Could you please transcribe the data exactly, without the pictures?

'''

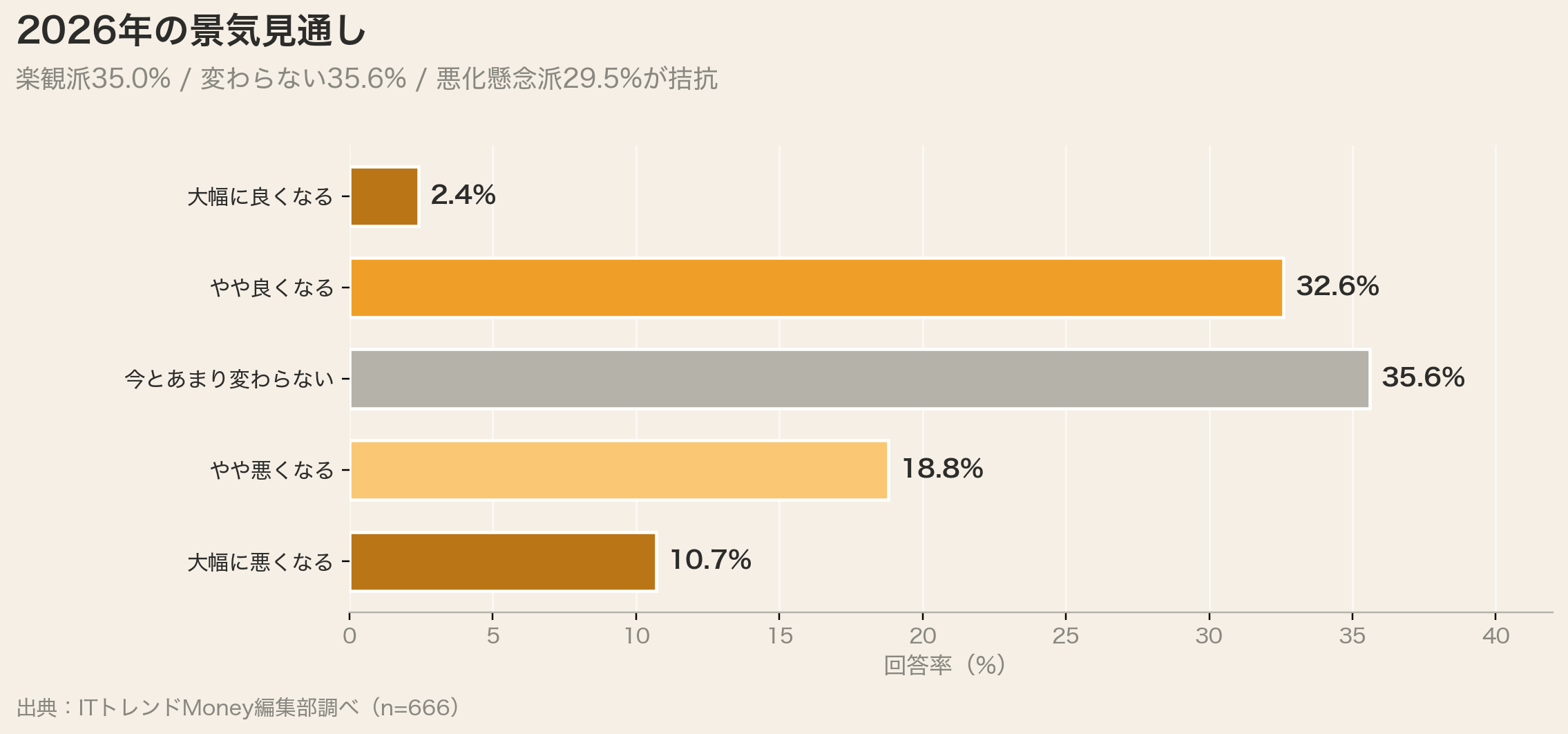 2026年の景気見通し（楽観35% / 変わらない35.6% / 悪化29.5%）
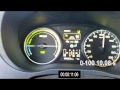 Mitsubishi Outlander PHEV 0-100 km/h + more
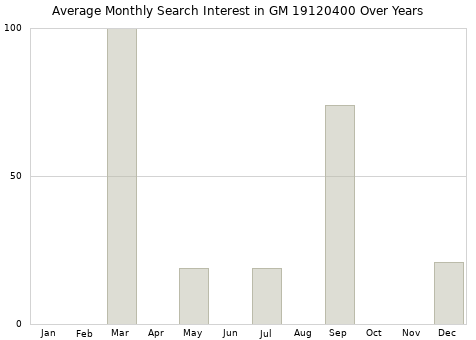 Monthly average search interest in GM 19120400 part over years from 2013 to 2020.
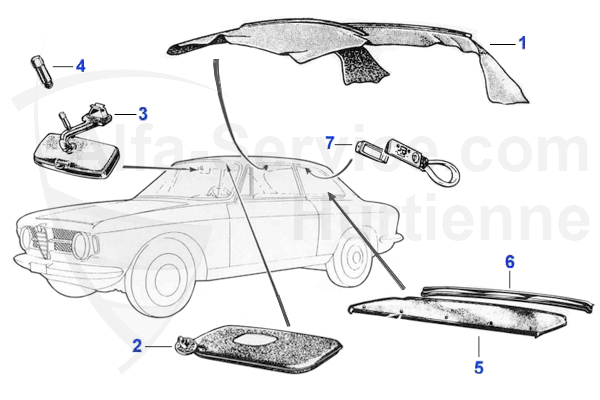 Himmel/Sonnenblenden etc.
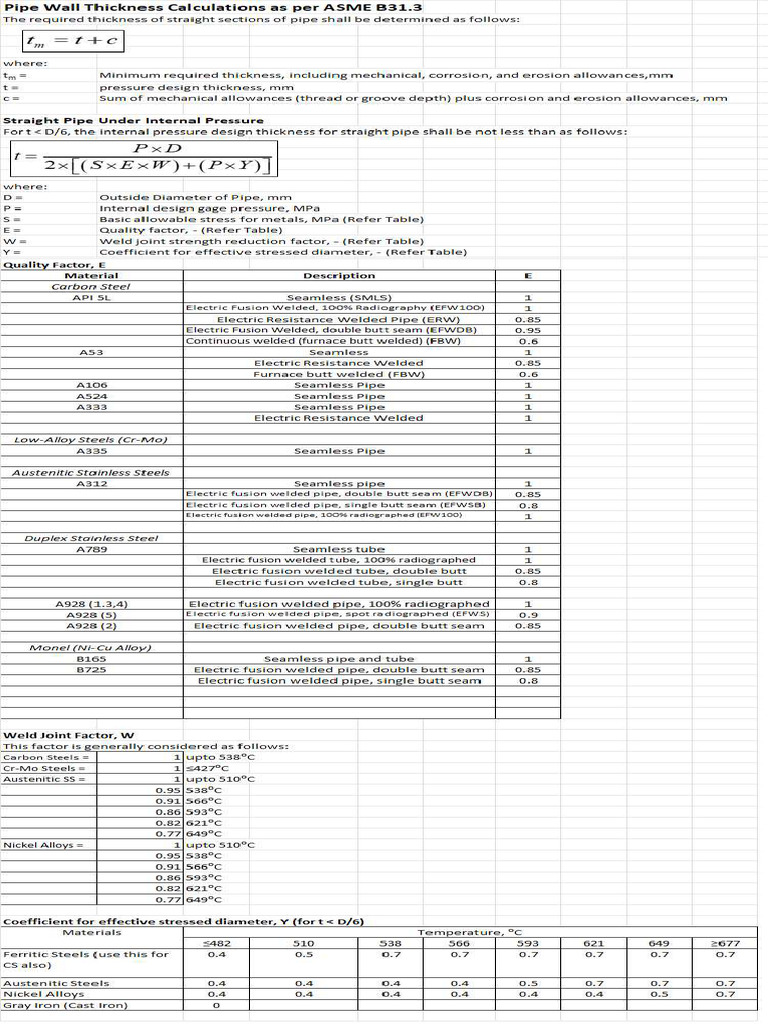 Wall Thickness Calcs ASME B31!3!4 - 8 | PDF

'''

THE COMPLETED TASK:
 2026年の景気見通し（楽観35% / 変わらない35.6% / 悪化29.5%）
 Mitsubishi Outlander PHEV 0-100 km/h + more
 Monthly average search interest in GM 19120400 part over years from 2013 to 2020.
 Himmel/Sonnenblenden etc.
 Wall Thickness Calcs ASME B31!3!4 - 8 | PDF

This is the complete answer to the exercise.